- WORK INSTRUCTIONS: Make an exact transcript of the lines in the data below, starting with the one containing "Voyage Game PS4" and going on through the one containing "Ta Sống Cùng", with both included and the pictures left out.

- MATERIAL FOR THIS EXERCISE:
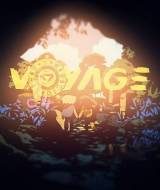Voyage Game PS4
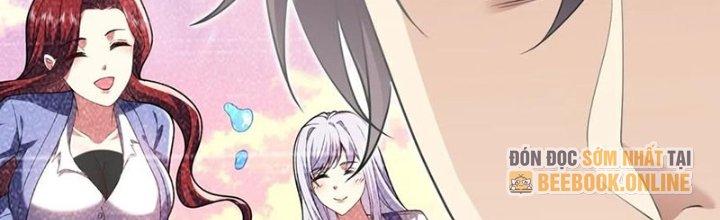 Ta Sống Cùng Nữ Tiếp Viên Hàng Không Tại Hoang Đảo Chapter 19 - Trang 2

==

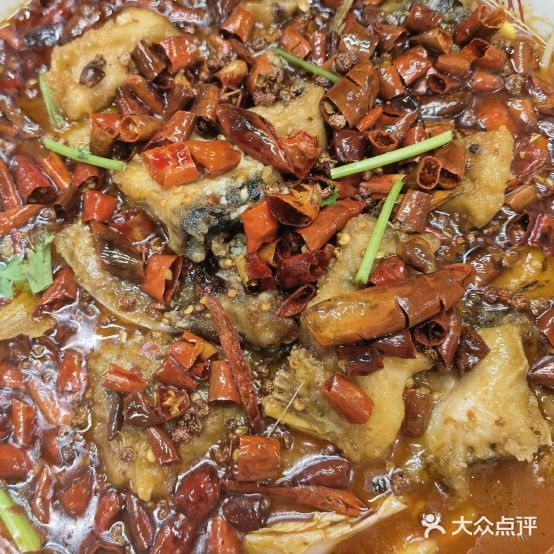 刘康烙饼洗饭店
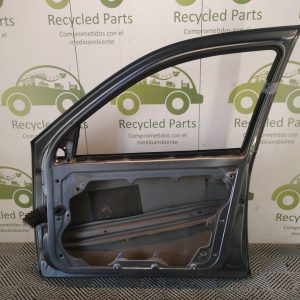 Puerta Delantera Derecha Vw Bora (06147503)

* * *

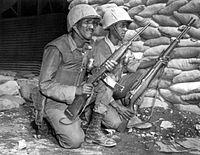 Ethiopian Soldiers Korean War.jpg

- EXERCISE RESPONSE:
Voyage Game PS4
 Ta Sống Cùng Nữ Tiếp Viên Hàng Không Tại Hoang Đảo Chapter 19 - Trang 2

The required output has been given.